Victoria Ward in The Telegraph
Her whodunit murder mysteries have confounded millions of armchair detectives, leading them through a literary maze of twists and turns before a super sleuth finally unmasks the culprit.
But scientists who have studied some of Agatha Christie’s best-selling crime novels claim that that they can be solved with a simple formula, based on the language she uses, the murder weapon, the setting and even the type of vehicle being driven.
A panel of experts analysed 26 of the author’s most famous books, including Death on the Nile, Murder on the Orient Express and The Murder of Roger Ackroyd, concluding that certain plot structures could help the reader identify the killer some time before he or she is dramatically revealed.
The panel, led by Dr Dominique Jeannerod, senior research fellow at the Institute for Collaborative Research in the Humanities at Queens University, found that the culprit was always introduced within the first half of the book, and was likely to be emotionally involved with the victim, most being spouses or blood relatives.
They said that if there were several land vehicles in the story, the killer was likely to be female.
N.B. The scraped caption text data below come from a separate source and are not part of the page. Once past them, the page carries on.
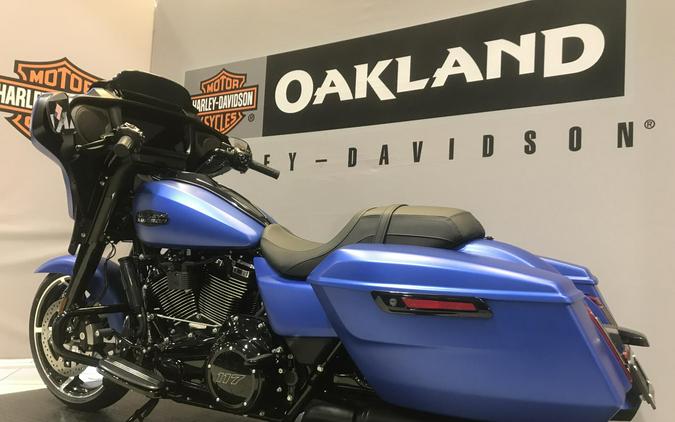 Harley-Davidson® Street Glide® 2026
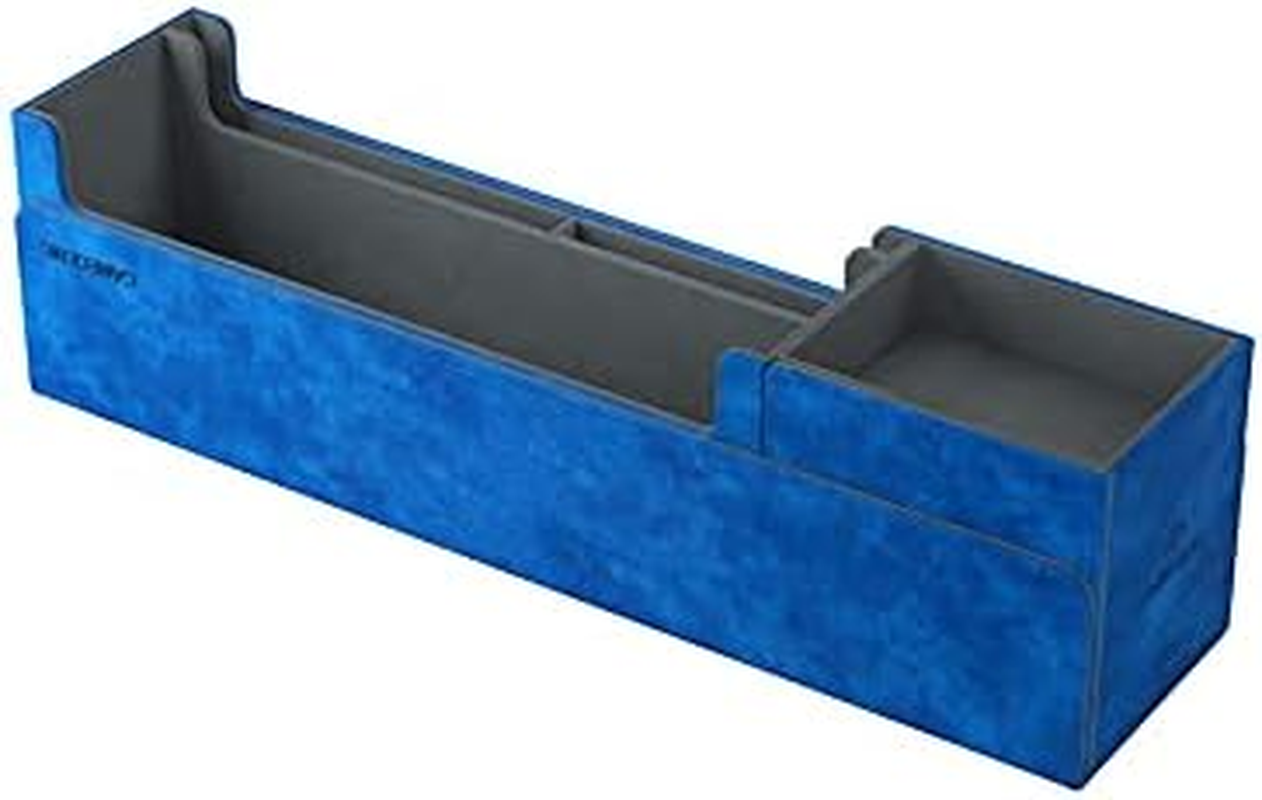 Gamegenic | Gamegenic Card'S Lair 400+ Blue | Card Holder (GGS20085ML) - Blue image number 5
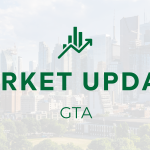 GTA Update: Summary of Existing Home Transactions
Similarly, a prevalence of nautical vehicles suggests they are more likely to be male.
If the victim is strangled, the perpetrator is more likely to be male and if the setting is a country house, there is a 75 per cent chance they will be female.
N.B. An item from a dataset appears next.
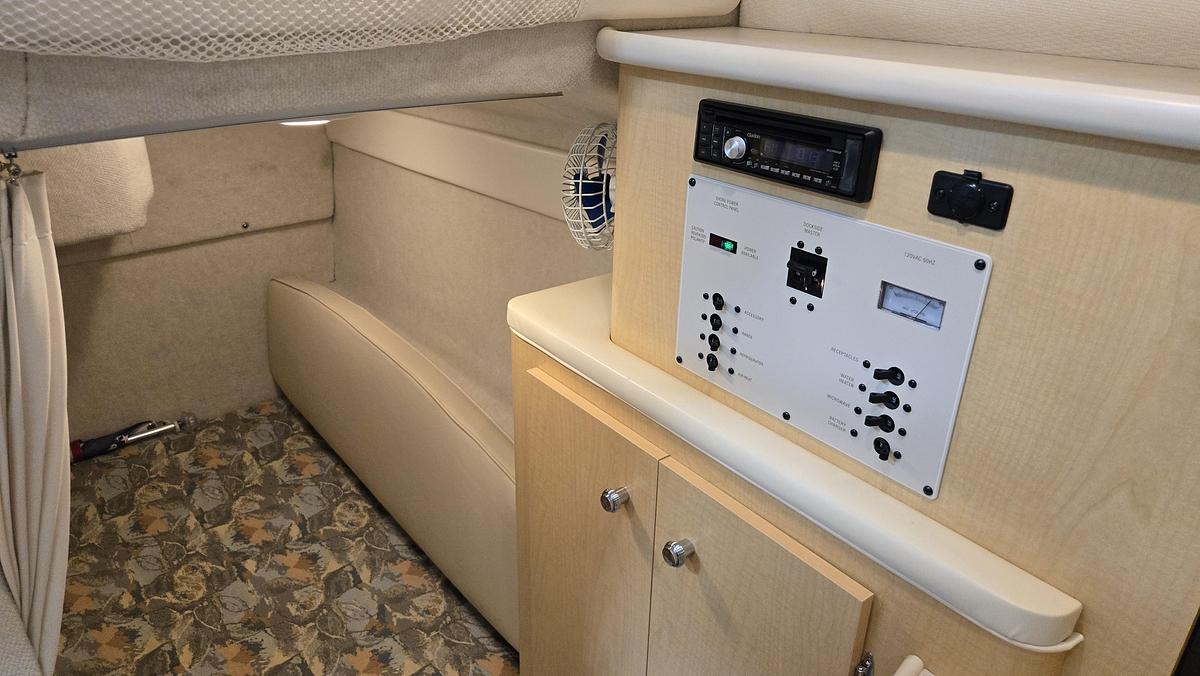 Used 2001 Bayliner Cierra 2655 SD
Christie’s language tends to be more negative when concerned with female killers, who are normally discovered due to a domestic item, they said.
By comparison, men are normally caught using information or logic.
The panel, which also included Dr James Bernthal from the University of Exeter and data analyst Brett Jacob, found that if Hercule Poirot, the eccentric Belgiun detective, took charge of the investigation, and the cause of death was stabbing, the killer will be mentioned more frequently at the beginning of the book.
If Miss Marple is the detective, and the motive for the murder is money or an affair, the killer will be mentioned more in the later stages of the novel than the beginning.
The experts also found that Christie's novels tended to include a “main clue” which is revealed approximately half way through the text and is usually “highlighted as it appears in the text”, so the reader is likely to remember it and will not feel cheated by its later revelation as a clue.
They said a key feature of the author’s writing style was simplicity, using middle-range language and repetition.
The panel also found that the structure of a Christie novel could be reduced to a list of key events: the body will be found early on, a closed group of will be presented to the reader, the detective will then be introduced and a series of red herrings will follow and finally, after it is solved, the story will be wrapped up quickly and efficiently, leaving the reader satisfied.
The research was commissioned by UKTV channel Drama to mark the 125th anniversary of her birth.
Adrian Wills, general manager for Drama said "Agatha Christie is the best-selling novelist of all time, so the television adaptations of her books are hugely popular.
"Given her on-going popularity, we wanted to know her formula for success, especially since the whodunit is such a classic of the crime drama genre.
"We hope that her legions of dedicated fans will revisit their favourite whodunits with a better understanding of how to crack the ultimate code."